In formal legal terms (FRE 403), Judge Koh concluded that allowing Qualcomm to take and present further evidence would unfairly prejudice the FTC, and that such prejudice would be outweighed by the alleged probative value of anything Qualcomm would inject into the case. In her efforts to balance different considerations, the judge wasn't persuaded by precedents Qualcomm pointed to, especially not by other cases in which several years had passed between a discovery cutoff date and a trial. She also points to the fact that she actually did allow various out-of-time depositions because of witnesses's travel and for similar reasons. And she notes that there will always be something that happens post-discovery, so no case can ever go to trial (at least not to one that would be fair to the opposing party) unless courts exercise their discretion at some point to close the door. And in this case, the deluge of motions that Judge Koh faced (her ruling doesn't say "deluge," but contains an impressive list) between the cutoff date and the trial doesn't suggest that the period between the cutoff date and the trial was longer than what the court really needed. While I've sometimes had different opinions, especially on economic issues and the (in)validity of patents-in-suit, I can say from my vantage point as a litigation watcher that I'm not aware of any U.S. judge who would be more efficient than her.

The key factor here is that the FTC is entitled to injunctive relief if there is a risk of Qualcomm's (mis)conduct recurring--regardless of whether, as Qualcomm argues, anything may have recently changed about its market power. Judge Koh points to case law that makes this principle crystal clear. If Qualcomm had wanted a different outcome, it would have had to show that its conduct had changed, and even a change of conduct wouldn't necessarily have meant that there was no more risk of recurrence.

As Judge Koh recalls, Qualcomm's desire to avoid a decision on injunctive relief after the January 2019 trial is old news. Qualcomm originally sought to bifurcate the trial (one trial on liability followed by a separate one on remedies).

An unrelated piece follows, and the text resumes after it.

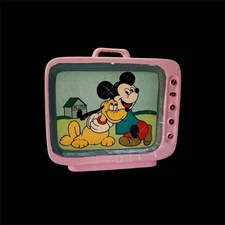 Vintage 1960’s Disney Mickey Mouse Dan Brechner Pink Television Bank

The fact that Intel's deal with Apple is not new per se (though the scope of that partnership may have expanded lately) diminishes the probative value of anything that Intel and Apple may have done together, or may have decided to do together, since late March. As for the 5G part, Judge Koh doesn't mention Qualcomm's deal with Samsung, but the fact that this modification of an agreement with the world's largest smartphone maker (at least by some measure) occurred prior to the cutoff date also suggests that whatever other deals were struck in the second or third quarter of 2018 won't present a fundamentally new situation. And it could be that Judge Koh already sees a certain likelihood of Qualcomm being ordered to renegotiate patent license agreements at the end of this. In that case, the probative value of such contracts might be zero.

This latest order is not the first major pretrial ruling that doesn't bode well for Qualcomm's defensive efforts:

The exclusion of evidence relating to post-cutoff date events is the latest in a string of significant decisions made and positions taken before the upcoming trial.

Assuming that Qualcomm loses the trial (and I can't imagine it would get away unscathed), it will then have to set priorities for an appeal, and I guess--though this is now a second-degree hypothetical as it already presupposes a certain outcome of the trial--Qualcomm is fairly likely to tell the appeals court that it lost only because some relevant post-discovery events weren't considered and to request a reversal or at least a retrial. But Judge Koh obviously considered this scenario and structured her ruling accordingly.

There most probably won't be any spectacular developments in the U.S. Qualcomm cases between now and the end of the year. Maybe we'll hear something more about the software patent enforcmeent dispute in China (to be fair to Qualcomm, when Apple enforces its own patents, it doesn't easily accept that a workaround is indeed a workaround). And I'm extremely interested in what the Munich I Regional Court will decided next Thursday (December 20). "Cutoff" for evidence also plays a role there, but it's different in three major respects: a different jurisdiction, where the constitutional right to be heard quite often weighs in favor of reopening the record; it's a patent infringement, not antitrust, case; and what Qorvo credibly explained to me suggests that Qualcomm originally led the court and Apple to believe that the schematics of the accused chipset would be discussed with the court-appointed expert at trial, but then made an about-face and opted for evidentiary minimalism, which is why in that case I believe the plaintiff would not be unfairly prejudiced by taking a bit more time to put facts on the table that, based on the ITC decision (first an Administrative Law Judge cleared Qorvo of infringement, then the six-member Commission threw out Qualcomm's petition to review that finding), have the potential to be outcome-determinative in the defendants' favor.